[Data records]
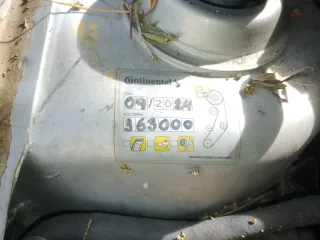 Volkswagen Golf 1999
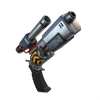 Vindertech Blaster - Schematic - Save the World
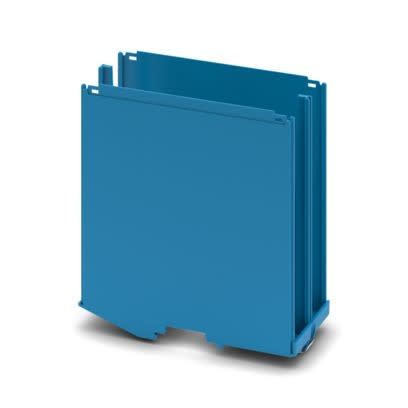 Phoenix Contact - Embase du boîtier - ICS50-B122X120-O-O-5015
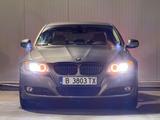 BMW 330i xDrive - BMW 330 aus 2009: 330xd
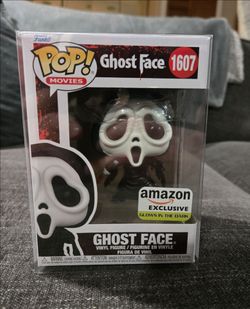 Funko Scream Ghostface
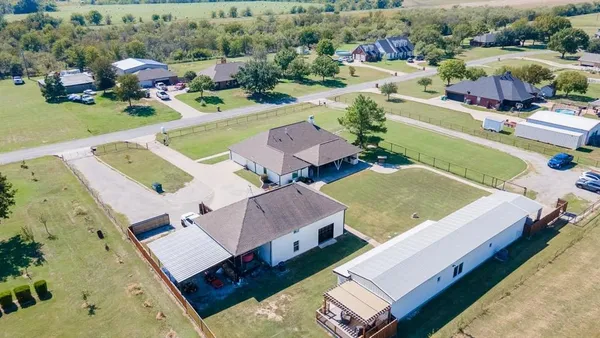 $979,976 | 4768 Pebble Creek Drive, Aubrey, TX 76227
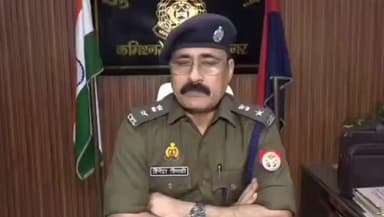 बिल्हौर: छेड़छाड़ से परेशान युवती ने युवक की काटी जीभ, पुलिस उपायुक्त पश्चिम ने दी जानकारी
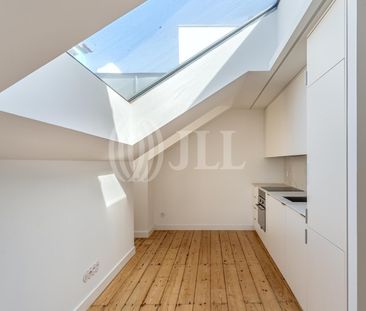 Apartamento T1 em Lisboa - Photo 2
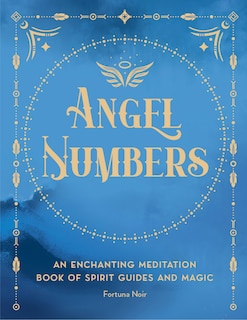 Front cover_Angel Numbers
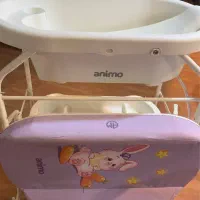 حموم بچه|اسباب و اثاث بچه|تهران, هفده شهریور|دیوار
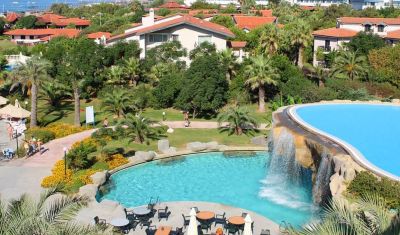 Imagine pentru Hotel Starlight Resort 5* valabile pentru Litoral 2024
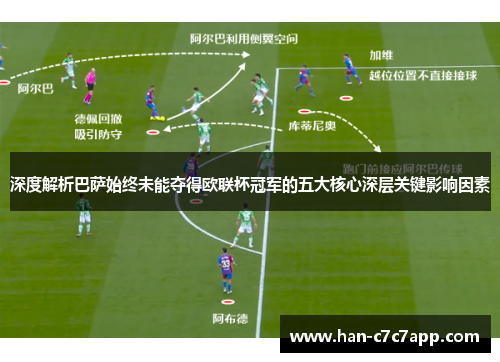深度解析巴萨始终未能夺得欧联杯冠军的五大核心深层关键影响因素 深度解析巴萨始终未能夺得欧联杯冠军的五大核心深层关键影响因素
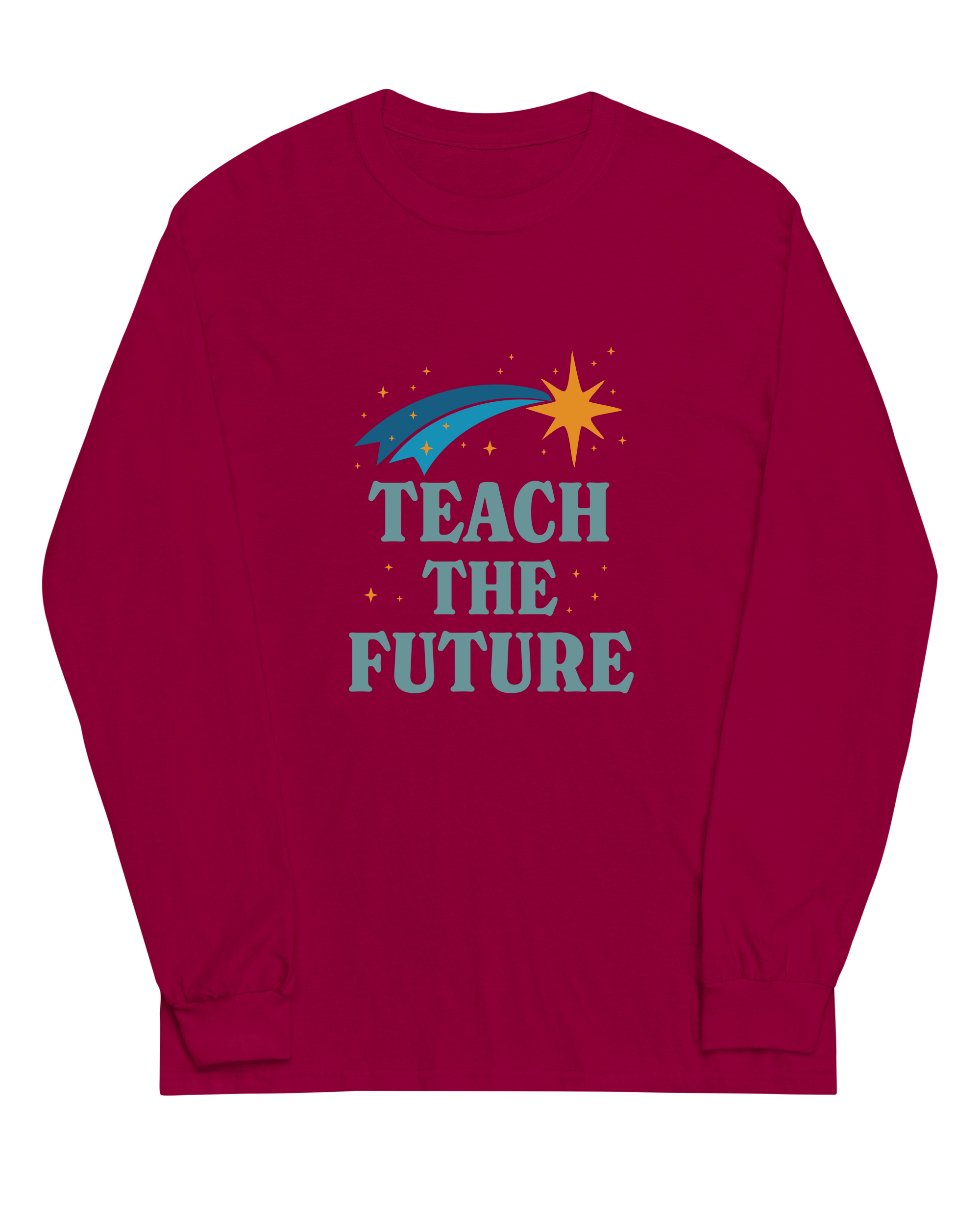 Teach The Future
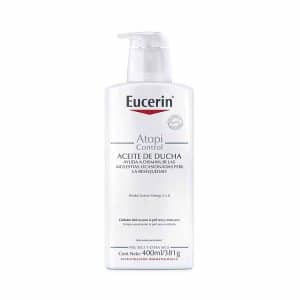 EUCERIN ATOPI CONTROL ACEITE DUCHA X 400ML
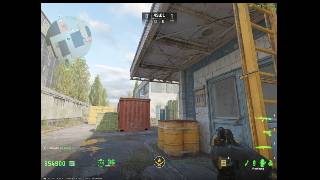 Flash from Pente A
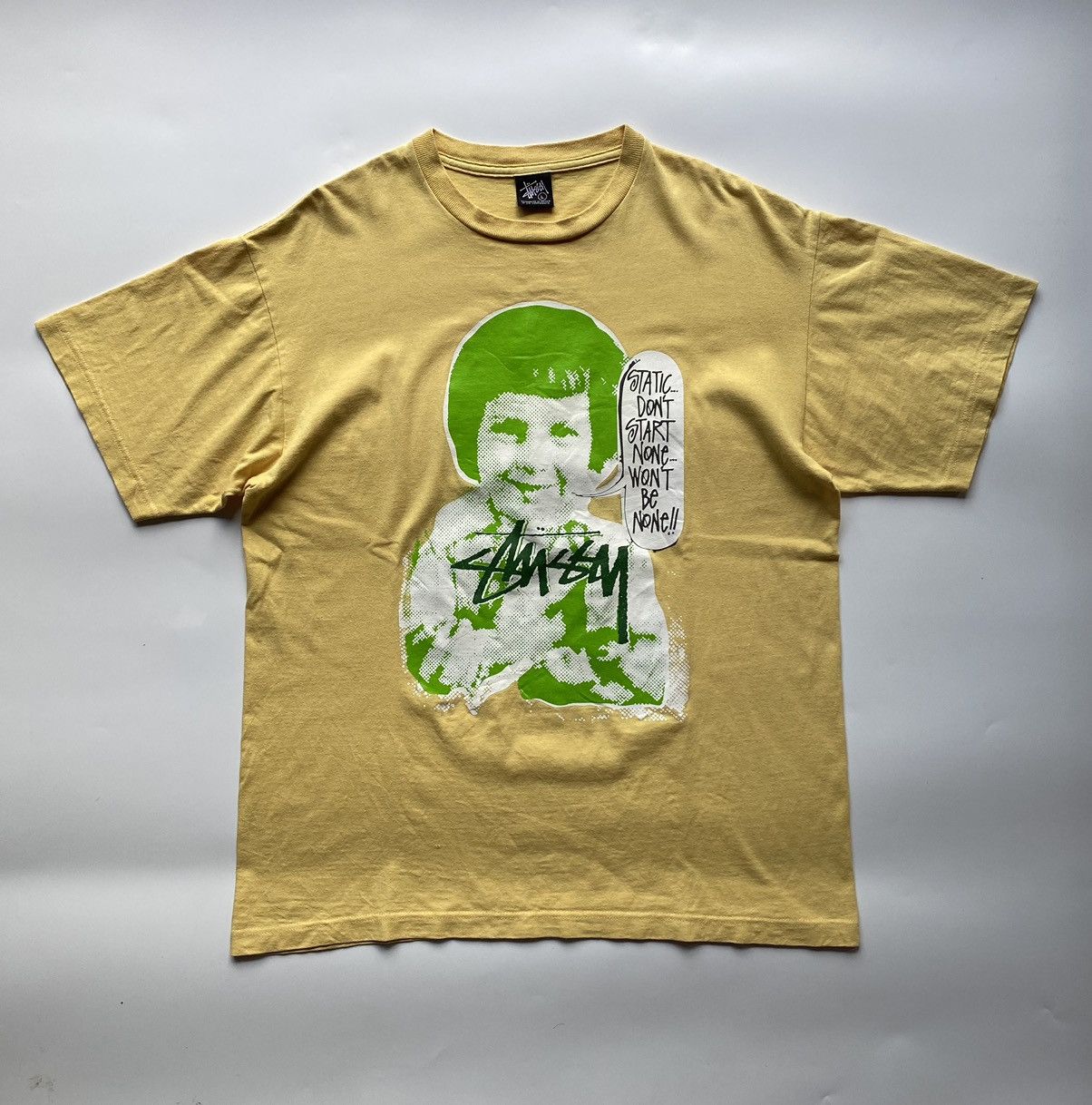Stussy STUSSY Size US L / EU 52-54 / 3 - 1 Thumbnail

---

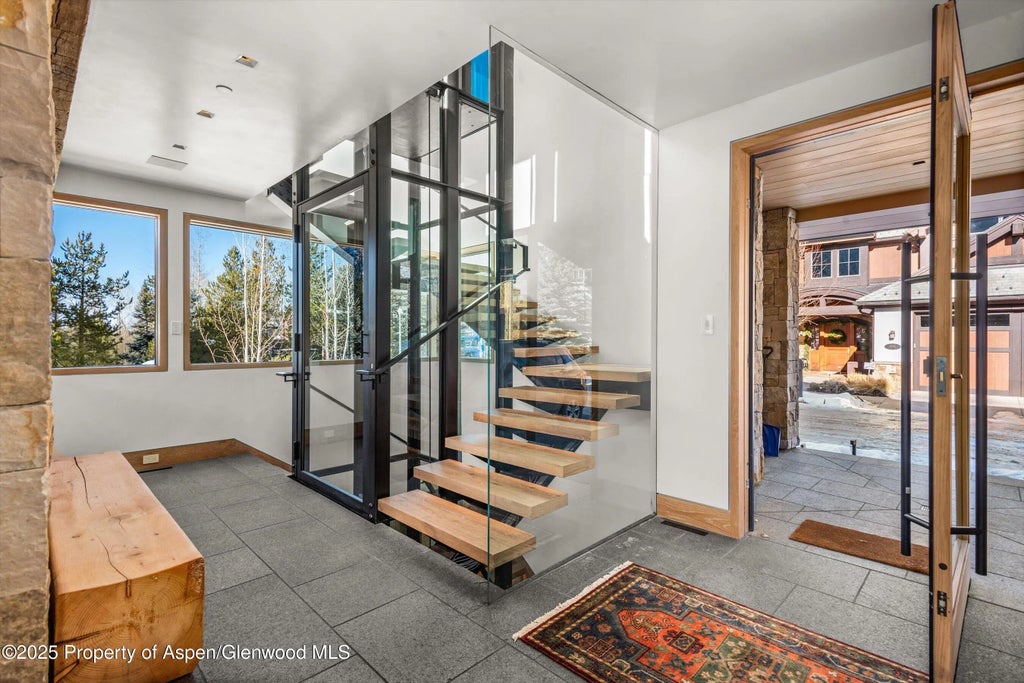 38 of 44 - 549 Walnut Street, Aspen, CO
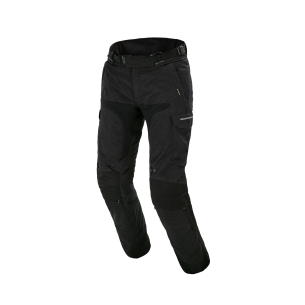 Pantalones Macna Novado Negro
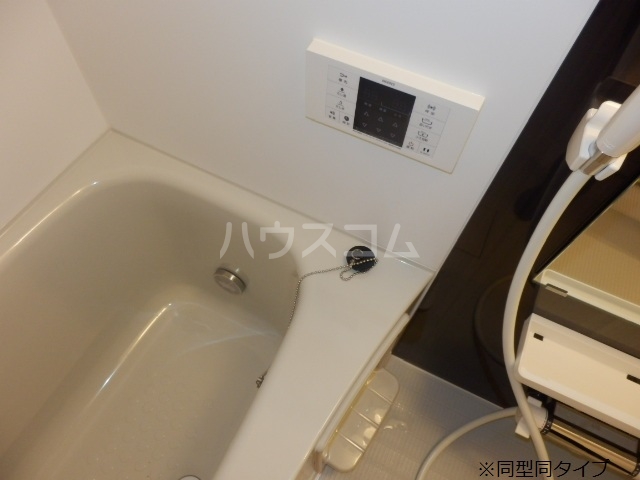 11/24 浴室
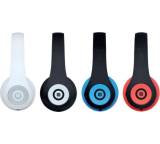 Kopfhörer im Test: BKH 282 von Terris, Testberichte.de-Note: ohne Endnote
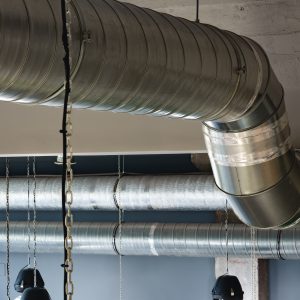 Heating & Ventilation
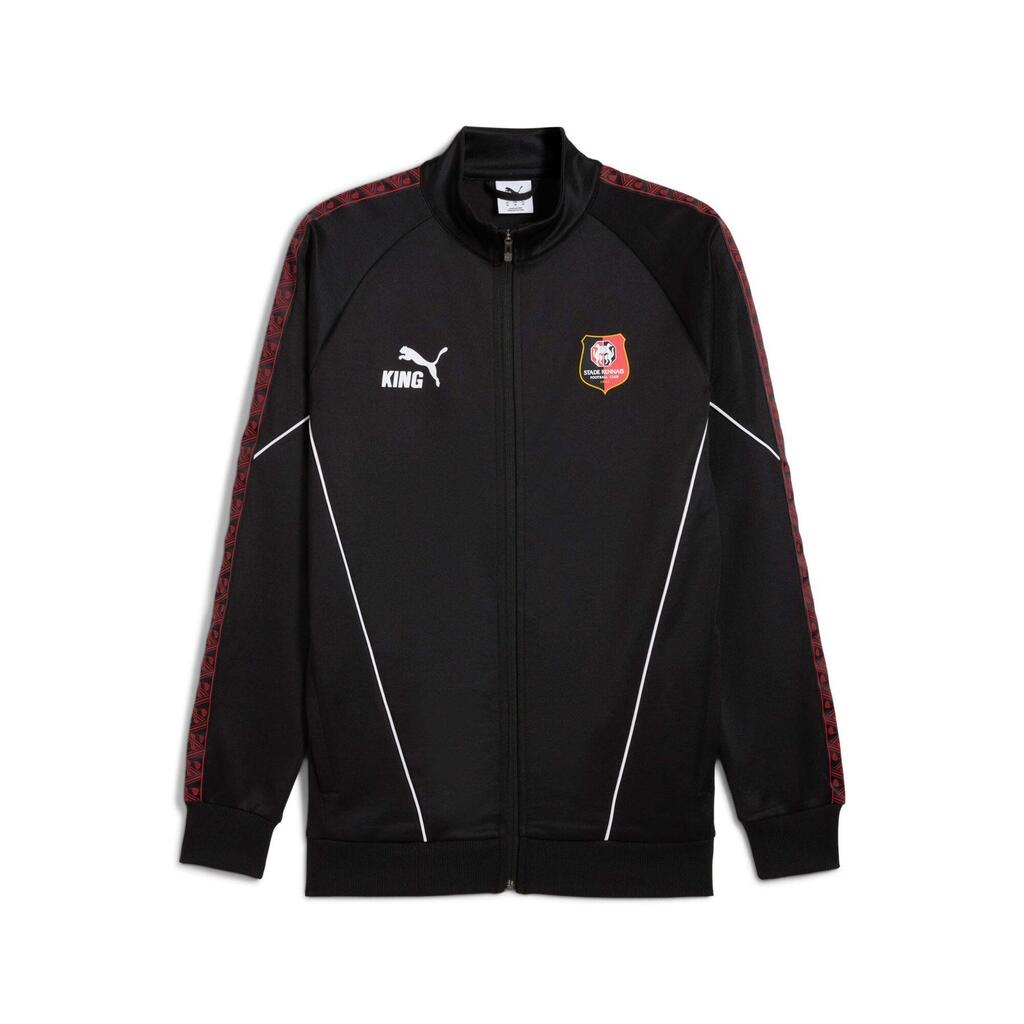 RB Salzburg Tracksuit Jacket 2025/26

[Instructions for the task] Leaving out each picture, repeat exactly the lines above from the one that contains "Volkswagen Golf 1999" through the one that contains "Stussy STUSSY Size".

[Solution to the exercise]
 Volkswagen Golf 1999
 Vindertech Blaster - Schematic - Save the World
 Phoenix Contact - Embase du boîtier - ICS50-B122X120-O-O-5015
 BMW 330i xDrive - BMW 330 aus 2009: 330xd
 Funko Scream Ghostface
 $979,976 | 4768 Pebble Creek Drive, Aubrey, TX 76227
 बिल्हौर: छेड़छाड़ से परेशान युवती ने युवक की काटी जीभ, पुलिस उपायुक्त पश्चिम ने दी जानकारी
 Apartamento T1 em Lisboa - Photo 2
 Front cover_Angel Numbers
 حموم بچه|اسباب و اثاث بچه|تهران, هفده شهریور|دیوار
 Imagine pentru Hotel Starlight Resort 5* valabile pentru Litoral 2024
深度解析巴萨始终未能夺得欧联杯冠军的五大核心深层关键影响因素 深度解析巴萨始终未能夺得欧联杯冠军的五大核心深层关键影响因素
 Teach The Future
 EUCERIN ATOPI CONTROL ACEITE DUCHA X 400ML
 Flash from Pente A
Stussy STUSSY Size US L / EU 52-54 / 3 - 1 Thumbnail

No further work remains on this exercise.